Rationale: In the context of limiting cerebral edema due to a brain tumor, the preferred corticosteroids are betamethasone/dexamethasone because they do not cause Na+ and water retention, making option A the correct answer. Corticosteroids like prednisone can lead to sodium and water retention, which can exacerbate edema. Betamethasone and dexamethasone are more selective for glucocorticoid receptors and have less mineralocorticoid activity, reducing the risk of fluid retention. Option B is incorrect because potency is not the primary factor in this scenario; the focus is on the side effect profile. Option C is also incorrect as both betamethasone and dexamethasone can be administered intravenously. Option D is incorrect as corticosteroids do not directly inhibit brain tumors but rather reduce edema and inflammation associated with them. In an educational context, understanding the pharmacological properties of different corticosteroids is crucial for selecting the most appropriate agent for specific clinical scenarios. This knowledge ensures optimal patient outcomes by minimizing side effects and maximizing therapeutic benefits.

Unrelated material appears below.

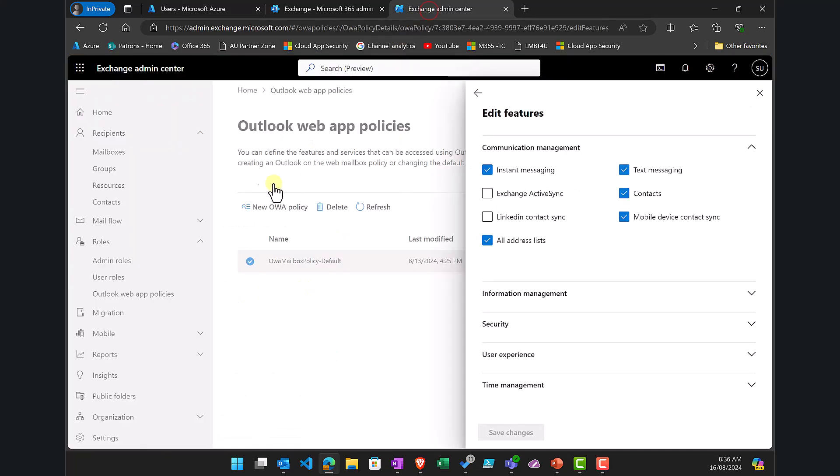The second option is to look at your Outlook Web App Policies. Go through all of those, select the features, and remove the LinkedIn Contact Sync.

Understanding the rationale behind drug selection based on mechanisms of action and side effect profiles is essential for healthcare professionals involved in managing CNS conditions like cerebral edema due to brain tumors.

Correct Answer: D

Rationale: In the context of pharmacology of CNS drugs, the correct answer is D) Neuralgia. Opioid analgesics are preferred over aspirin-like analgesics in conditions of severe pain, such as neuralgia, due to their stronger analgesic properties and ability to modulate pain perception at the central nervous system level. Neuralgia is characterized by intense, shooting pain along a nerve pathway, which often requires potent analgesics for effective pain relief. Options A, B, and C are not the preferred choice for opioid analgesics because they involve conditions where aspirin-like analgesics, such as NSAIDs, are more commonly used. Acute gout (Option A) is typically treated with NSAIDs or colchicine, toothache (Option B) can be managed with NSAIDs, acetaminophen, or local anesthetics, and burns (Option C) are usually treated with topical analgesics and wound care. Understanding the appropriate selection of analgesics based on the underlying condition is crucial in pharmacology to ensure optimal pain management and patient outcomes. Educating healthcare professionals on these distinctions helps them make informed decisions regarding drug therapy, considering factors such as efficacy, safety, and patient-specific needs.